When Kinsey starts looking into the background of Gus's nurse, she does not anticipate how shrewd this predator is and how she manages to stay just a few steps ahead of Kinsey. I enjoyed the cat and mouse game the author illustrates as Kinsey tries to figure out Solana's plan only to have to backtrack and rethink it when Kinsey finds herself outwitted. I admired Kinsey's vigilance and determination to protect Gus, in spite of his less than nice personality. Though she was certainly not required to step in and could have very easily ignored the matter as not any of her business, I liked that Kinsey's instincts draw her into the matter so that she feels obligated to take action.
I enjoyed the whole book, but the last few chapters are what drew me in.
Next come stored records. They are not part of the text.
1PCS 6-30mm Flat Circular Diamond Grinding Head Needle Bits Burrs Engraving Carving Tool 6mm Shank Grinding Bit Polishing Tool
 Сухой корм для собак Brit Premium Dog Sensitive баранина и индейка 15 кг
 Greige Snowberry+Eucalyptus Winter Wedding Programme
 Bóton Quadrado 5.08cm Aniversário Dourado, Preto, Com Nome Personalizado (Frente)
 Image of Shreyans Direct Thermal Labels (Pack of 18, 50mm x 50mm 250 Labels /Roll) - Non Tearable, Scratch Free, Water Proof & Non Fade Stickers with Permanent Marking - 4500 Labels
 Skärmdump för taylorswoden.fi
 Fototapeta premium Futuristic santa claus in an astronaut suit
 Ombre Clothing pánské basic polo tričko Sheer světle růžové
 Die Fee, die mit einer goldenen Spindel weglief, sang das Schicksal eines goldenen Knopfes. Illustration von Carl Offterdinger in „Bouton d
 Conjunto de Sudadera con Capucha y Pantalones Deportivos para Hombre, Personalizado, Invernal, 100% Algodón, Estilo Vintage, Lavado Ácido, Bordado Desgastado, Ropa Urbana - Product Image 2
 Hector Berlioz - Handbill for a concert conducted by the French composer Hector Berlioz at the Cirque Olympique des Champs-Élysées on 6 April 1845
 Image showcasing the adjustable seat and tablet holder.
The anxiety building suspense was a real nail-biter as Kinsey has to first rescue Gus and then deal with the retaliation from Solana. The ending was completely unexpected but well played out. I recommend this book to all fans of mystery, thriller or suspense novels, but don't start in the middle of the alphabet with this series. In order to understand the all of the character's backstory, I recommend this series be read in order.
If Sue Grafton keeps up the pace with her main character, Kinsey Millhone, there won't be a main private detective to finish her last book which will be "Z" for something she will title her book. I would say this is the closet that Kinsey has come to dying in one of her books. This one gets to be a real nail biter when you think all the drama of the book is over. Grafton just gets better and better as the years go by. I wish she would finish up her alphabet while I am still alive myself!